Added a check for unimplemented instructions. They should now generate the unimplemented instruction exception.

Added the BSET, BMOV, BFND, and BCMP instructions as micro-code. BSET sets a block of memory to a value in a register, decrementing the loop counter as it goes. BMOV moves a block of memory. BFND finds a value in memory. BCMP compares two memory areas.. The block functions move bytes according to a stride value. For instance, it is possible to set every fourth byte of memory. The stride amount can be set to zero which allows BMOV to stream a block of memory to a I/O device. The block find function searches according to the same conditions as a signed or unsigned branch. BCMP is a little more limited, but can compare equal, not equal, and signed and unsigned less than, or less than or equal.

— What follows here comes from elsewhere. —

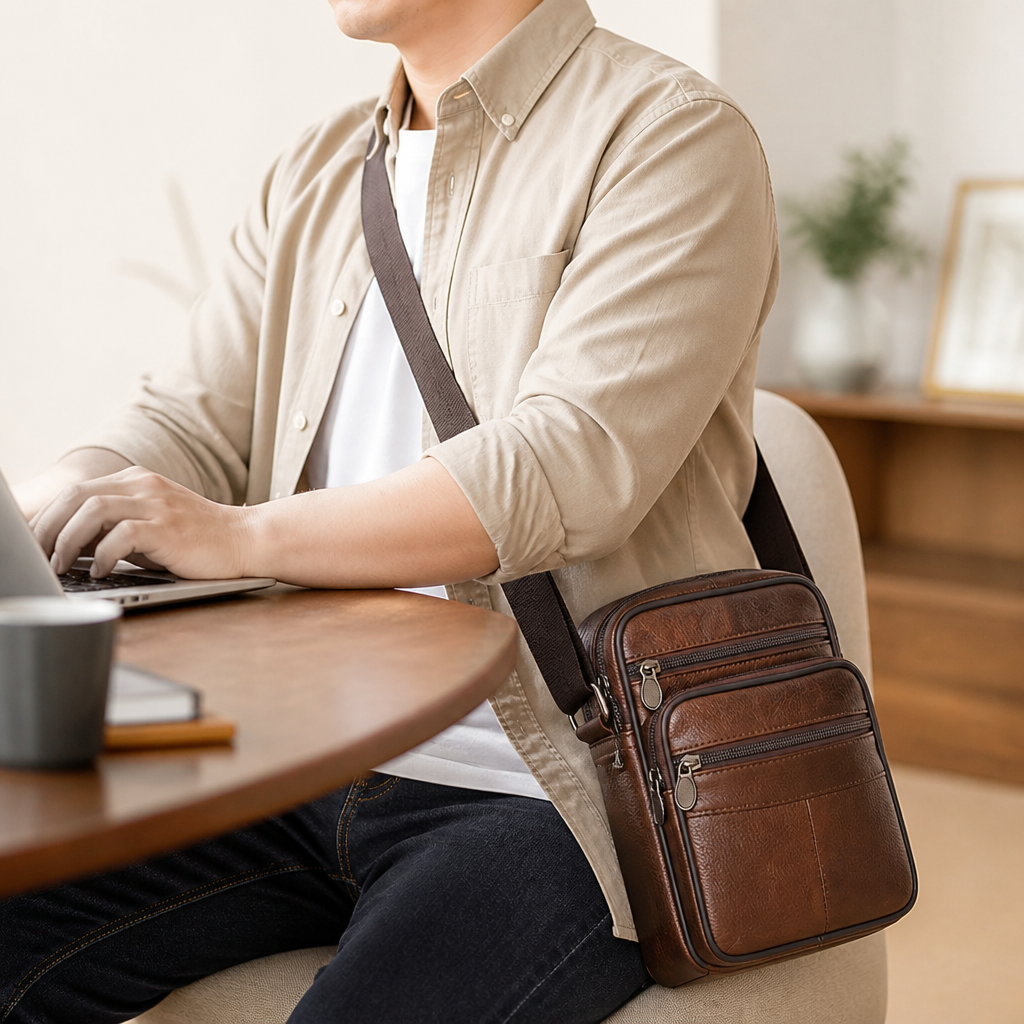 Top-Grain Cowhide Crossbody Bag (Multiple Compartments & Adjustable Strap)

Added some code to make micro-code interruptible. In theory it should work but it will be a while before it gets tested.

Ignored the load / store bug for a day hoping it would go away :)

_________________
Robert Finch http://www.finitron.ca


Sun Feb 04, 2024 5:09 am
Profile WWW

Joined: Sat Feb 02, 2013 9:40 am
Posts: 2095
Location: Canada
Latest Changes:
Got rid of the extra stack pointers for interrupts. Interrupts now default to using the machine stack pointer.

Vectors are no longer loaded from the vector table at reset or for exceptions. A simple jump to the vector is done to invoke an exception handler. So, there must be a branch instruction at the vector location now instead of an address. The stack pointer is no longer loaded from the vector table. It must be initialized in the boot routine.

The Qupls utility to generate micro-code was updated.

Latest Fixes:
The load store bug was due to using the incorrect pipeline stage register specs for the address generator. Things work much better now.

In a classic blunder the author displayed the incorrect micro-code pointer along with instructions in the debug dump. It was off by a pipeline stage. This made debugging the branches more challenging. The dump was not showing correctly which instructions were being stomped on.

Latest Bugs Identified:
The first group of micro-code instructions after a branch to a macro-instruction is being stomped on. For example, branching to the ENTER macro instruction caused the first part of the micro-code to be stomped on. Several fixes were tried without much luck. To get the CPU working in spite of this bug, micro-code NOPs were added as the first group of instructions in the micro-code.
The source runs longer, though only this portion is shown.